Multi-Format Support¶

Comprehensive file format support in ParquetFrame with automatic detection and intelligent backend selection.

Overview¶

ParquetFrame supports multiple data formats with automatic format detection, intelligent backend selection (pandas vs Dask), and seamless format conversion.

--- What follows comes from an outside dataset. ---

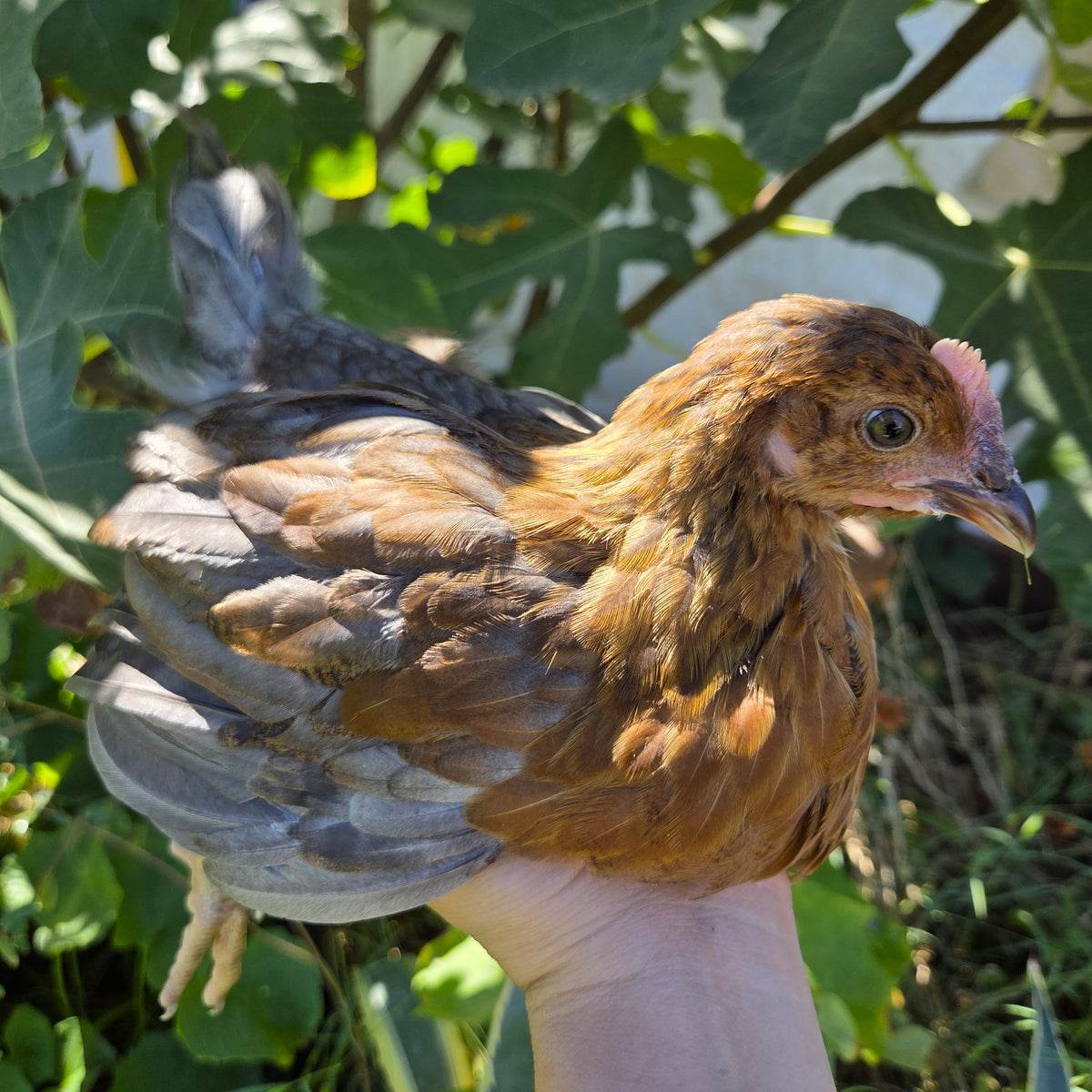 Backyard Started Pullets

All formats work consistently with the same API.

Supported Formats¶

Parquet (.parquet, .pqt)¶

Primary format with optimal performance: - ✅ Column-oriented storage for fast analytics - ✅ Built-in compression (snappy, gzip, lz4) - ✅ Schema evolution and metadata preservation - ✅ Native support for complex data types - ✅ Excellent compression ratios

import parquetframe as pf

# Read parquet files
pf_data = pf.ParquetFrame.read("data.parquet")
pf_data = pf.ParquetFrame.read("data.pqt")
pf_data = pf.ParquetFrame.read("data")  # Auto-detects .parquet extension

CSV (.csv, .tsv)¶

Tabular data with flexible options: - ✅ Automatic delimiter detection (comma for .csv, tab for .tsv) - ✅ Header detection and custom column names - ✅ Data type inference and custom dtype specification - ✅ Large file support with Dask backend - ✅ Memory-efficient reading with chunking

# Read CSV files
pf_data = pf.ParquetFrame.read("data.csv")  # Auto-detects CSV format
pf_data = pf.ParquetFrame.read("data.tsv")  # Tab-separated values

# Custom CSV options
pf_data = pf.ParquetFrame.read("data.csv", sep=";", header=0)
pf_data = pf.ParquetFrame.read("data.csv", dtype={"age": "int32"})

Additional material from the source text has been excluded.